Exercise data:
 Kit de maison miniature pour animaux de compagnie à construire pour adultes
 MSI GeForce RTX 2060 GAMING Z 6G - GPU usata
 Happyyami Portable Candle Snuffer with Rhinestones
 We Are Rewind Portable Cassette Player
---
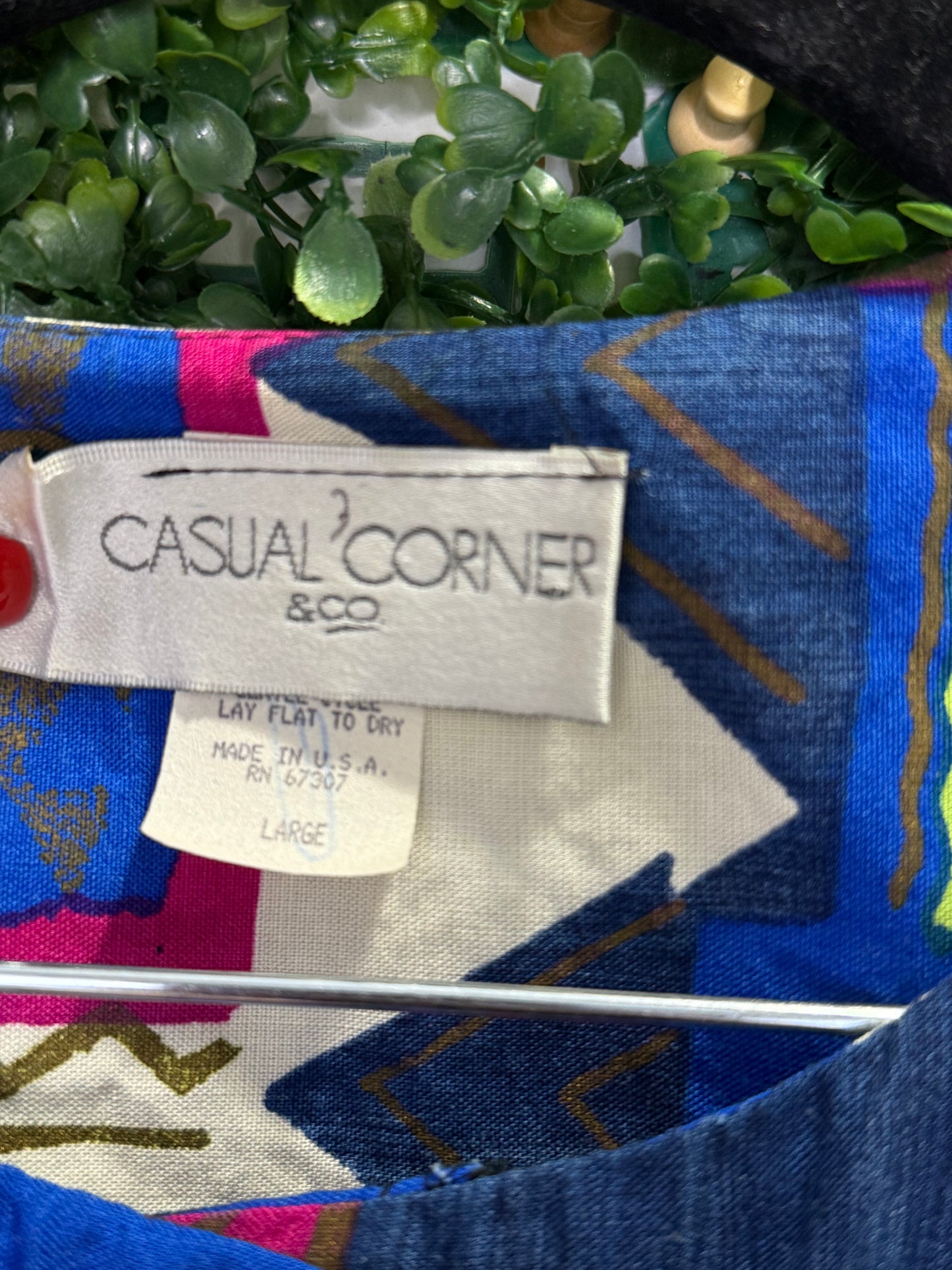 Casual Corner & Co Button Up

Problem to solve: Using the records above, filter out every line that lacks the string "Portable" and copy the rest.

Task response:
 Happyyami Portable Candle Snuffer with Rhinestones
 We Are Rewind Portable Cassette Player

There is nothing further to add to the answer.